- Directed by: Katie Holmes
- Written by: Katie Holmes
- Produced by: Celine Rattray; Trudie Styler; Peter Coleman; Paula P. Manzanedo;
- Starring: Katie Holmes; Joshua Jackson; Mary-Louise Parker; Joe Tippett; Constance Wu;
- Cinematography: Michael McDonough
- Edited by: Ian Blume
- Music by: Norah Jones
- Production companies: STX Films; Maven Screen Media; Bond Street Station;
- Release date: June 6, 2026 (Tribeca Festival);
- Running time: 80 minutes
- Country: United States
- Language: English

= Happy Hours (film) =

Happy Hours is a 2026 American romantic dramedy film written and directed by Katie Holmes. It stars Holmes, Joshua Jackson, Mary-Louise Parker, Joe Tippett, and Constance Wu.
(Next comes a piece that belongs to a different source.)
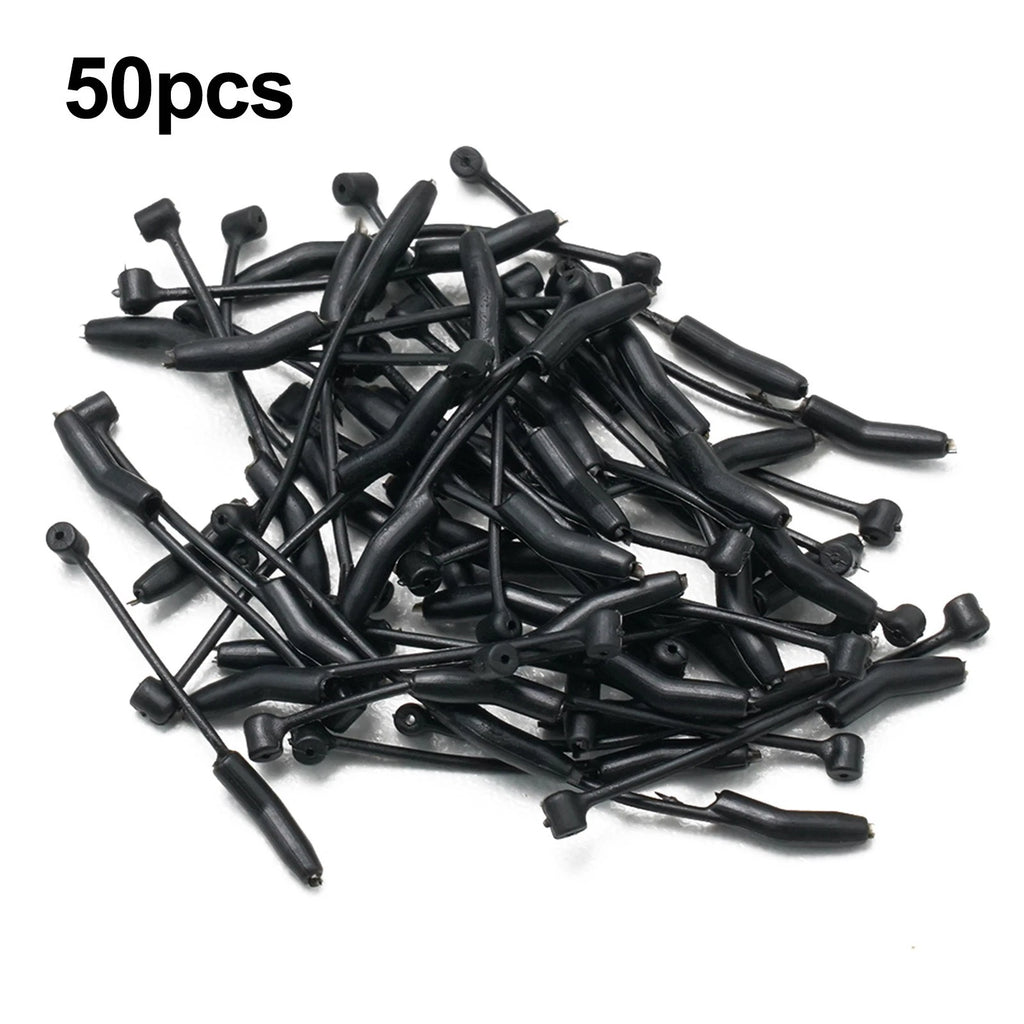 Set of 10 D Rig Kickers for Carp Fishing - Black Rubber Hooks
The film premiered at the Tribeca Festival on June 6, 2026.

==Cast==

- Katie Holmes as Liz Jones, a recently divorced photojournalist
  - Johnna Dias-Watson as young Liz
- Joshua Jackson as Andrew McCloud, a travel writer and Liz's former lover
  - Jack Martin as young Andrew
- Joe Tippett as one of Andrew's best friends
- John McGinty as one of Andrew's best friends
- Donald Webber Jr.
- Chloë Kerwin
- Mary-Louise Parker as Liz's aunt
- Constance Wu as Liz's agent

==Production==
In July 2025, it was announced that Katie Holmes would write, direct, and star in a romantic comedy-drama film titled Happy Hours, which is conceived as a trilogy, with Joshua Jackson, Mary-Louise Parker, Joe Tippett, and Constance Wu also starring. In April 2026, the first film was selected to screen at the Tribeca Festival.

Norah Jones was hired to compose the score for the film, in her film scoring debut.

==Release==
Happy Hours premiered at the Tribeca Festival on June 6, 2026.